Target Corporation's credit card business is seeing good-news, bad-news indicators as the recession drags on. An encouraging sign is that balances owed by card holders who are behind on their payments declined in March. However, write-offs from unpaid bills continue to climb, according to regulatory reports filed Wednesday.

Target wrote off $101 million in bad debt in March, an annualized 14.2 percent of its total loans. That compares with 12.9 percent in February and 12.3 percent in January.

Overall delinquencies dropped 5.6 percent last month to $742.7 million, a sign of stabilization that likely is the result of the company's steps to tighten credit over the past year as well as the cold reality that much of the bad debt triggered during the holidays already is off the books. Balances owed by cardholders who have missed two payments, considered an early stage of delinquency, dropped 7.2 percent from the previous month.

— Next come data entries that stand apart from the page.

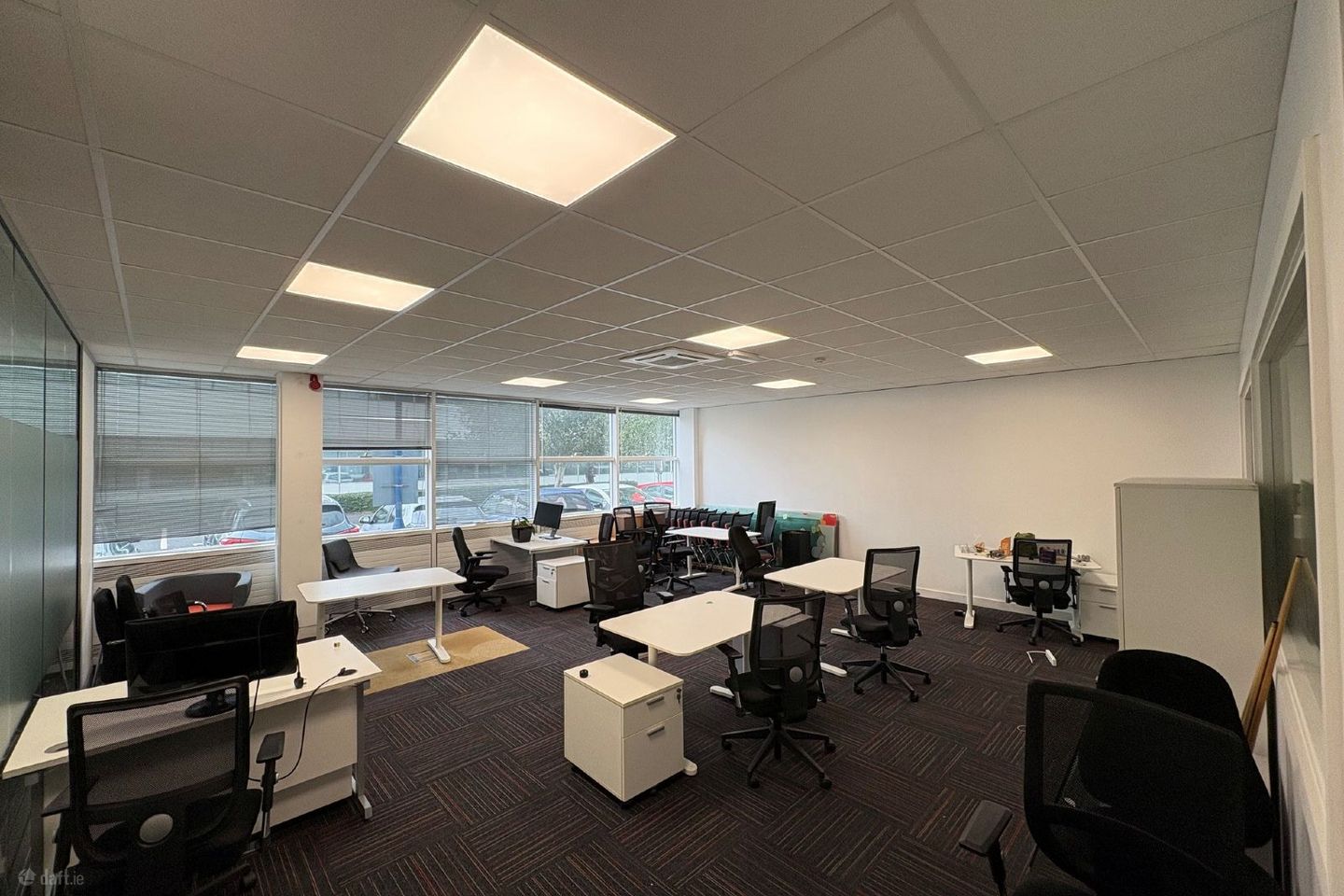 Marina House, Block V,Eastpoint Business Park,Alfie Byrne Road,Dublin 3, North Wall, Dublin 3 — photo 1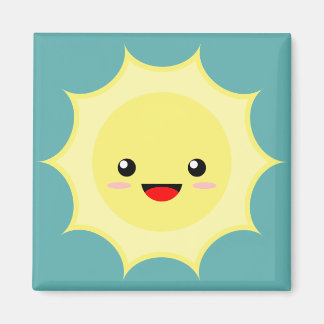 Sun Magnet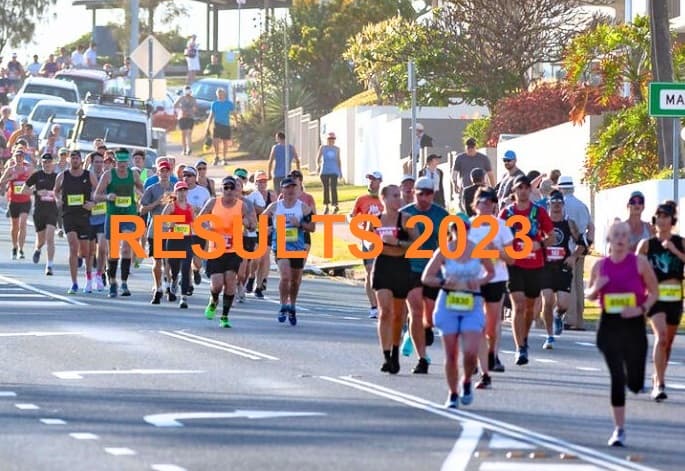 race results sunshine coast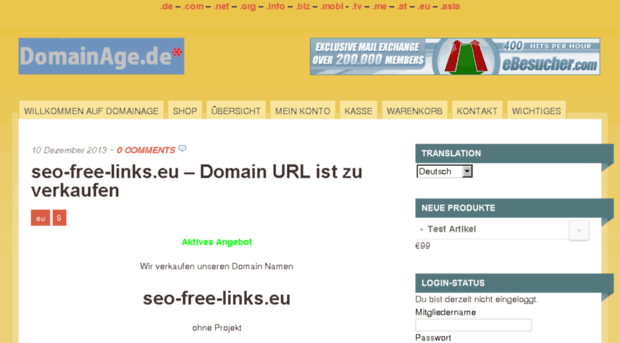 seo-free-links.eu
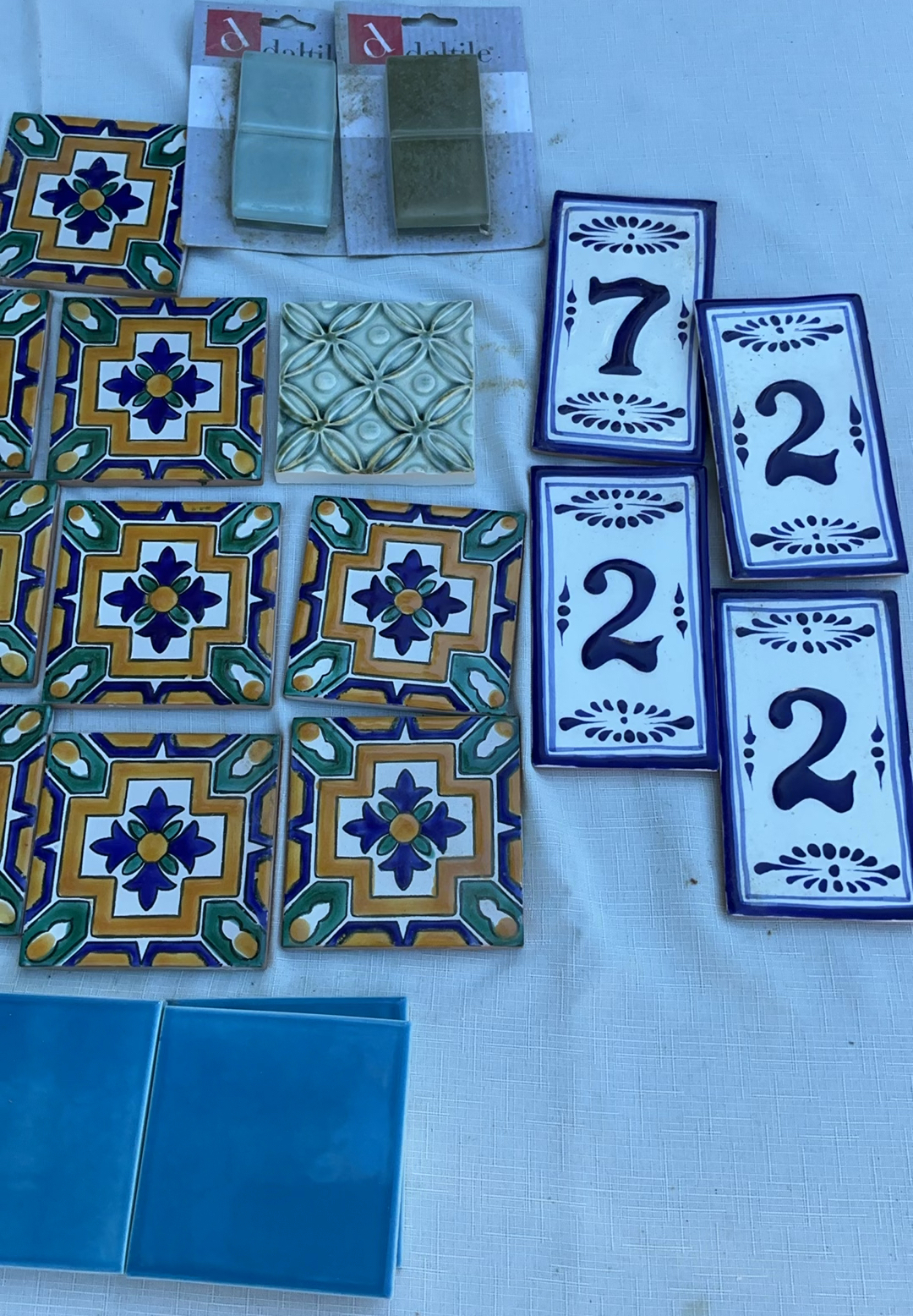 Tiles And Product - image 3 of 7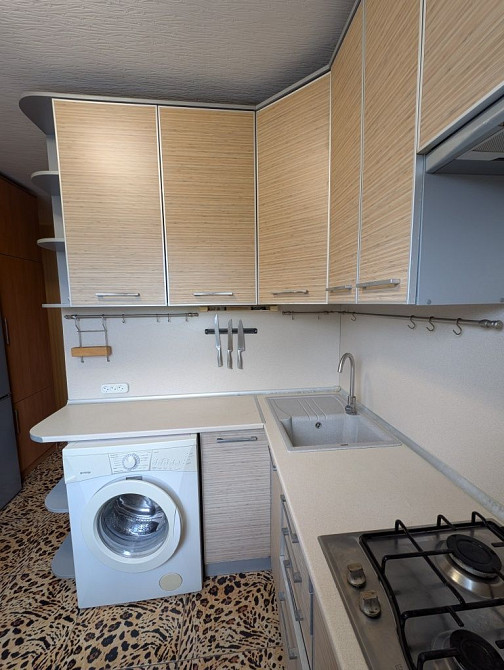 Сдам в аренду 2 комнатную квартиру метро Дворец. Спорта..Олимпийская Харьков - изображение 3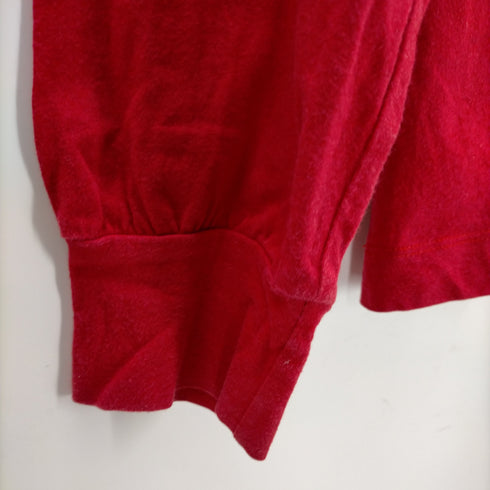 コムデギャルソンシャツ COMME des GARCONS SHIRT L/S ボーダーデザインクルーネックカットソー メンズ JPN:M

Target, which has 31 million card holders, is hardly alone in seeing its credit operations take a hit in the past year. Fitch Ratings reported that its credit card charge-off index hit a record high of 8.4 percent in February. At U.S. Bank, credit charge-offs made up 6.3 percent of outstanding loans, compared with 5.2 percent in the previous quarter.

Target saw the spike in bad debt write-offs coming, and boosted its reserves to $600 million to cover the first half of 2009. The amount of charge-offs are in line with those estimates, the company said.

The size of Target's portfolio declined about 3.4 percent to $8.47 billion in March as consumers reduced spending and the retailer made credit available only to its most trustworthy customers.